Derek Heidemann, Coordinator of Historic Trades & Assistant Director of Staff Development, Old Sturbridge Village

And speaking of clothes…

“I’m just wearing some typical clothing for a tradesman… it looks very fancy to us nowadays; the standards of dress are very, very different in the 19th century and even though it’s July and it’s very hot, you’re still expected, as a man, to be wearing you know, your hat and your jacket and all that sort of thing. So you would change the type of clothing you were wearing much like we do nowadays to the seasons, so the difference is in the winter time, I’m wearing a very heavy coat and maybe like a wool cap or something like that and the summertime, I’ve got a nice, lightweight linen jacket but everything is cut the same but all looks the same. It’s just, you know, as a man walking out in society, going out without a jacket on the summertime was not really all too proper, so you’d still try to wear all those layers to look to – you know – like you have pride in your appearance. You’ll see the same thing with ladies’ costumes as well.”

Derek Heidemann, Coordinator of Historic Trades & Assistant Director of Staff Development, Old Sturbridge Village

Besides having a great time, there are a few things to keep in mind when you visit.

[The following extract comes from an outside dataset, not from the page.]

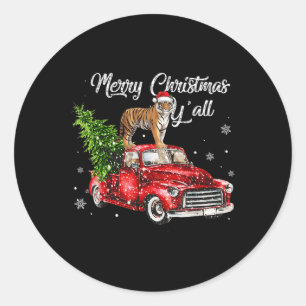 Santa Tiger Ride Red Truck Ugly Sweater Christmas Classic Round Sticker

“So the main thing you need to know is first off you need to bring a mask with you ‘cause everyone’s required to wear them. But you also need to reserve your ticket. So at this point, we’re only allowing about a thousand people in a day so you need to reserve for one of three time slots throughout the day and that way you can guarantee that when you come in, we’re not going to be overwhelmed with visitors, you’ll get through much quicker and just guarantee you have a better experience,” said Heiderman.

From walking around the beautiful grounds to having good conversation with people, there’s a lot to learn at Old Sturbridge Village. And of course, there’s food available to all guests!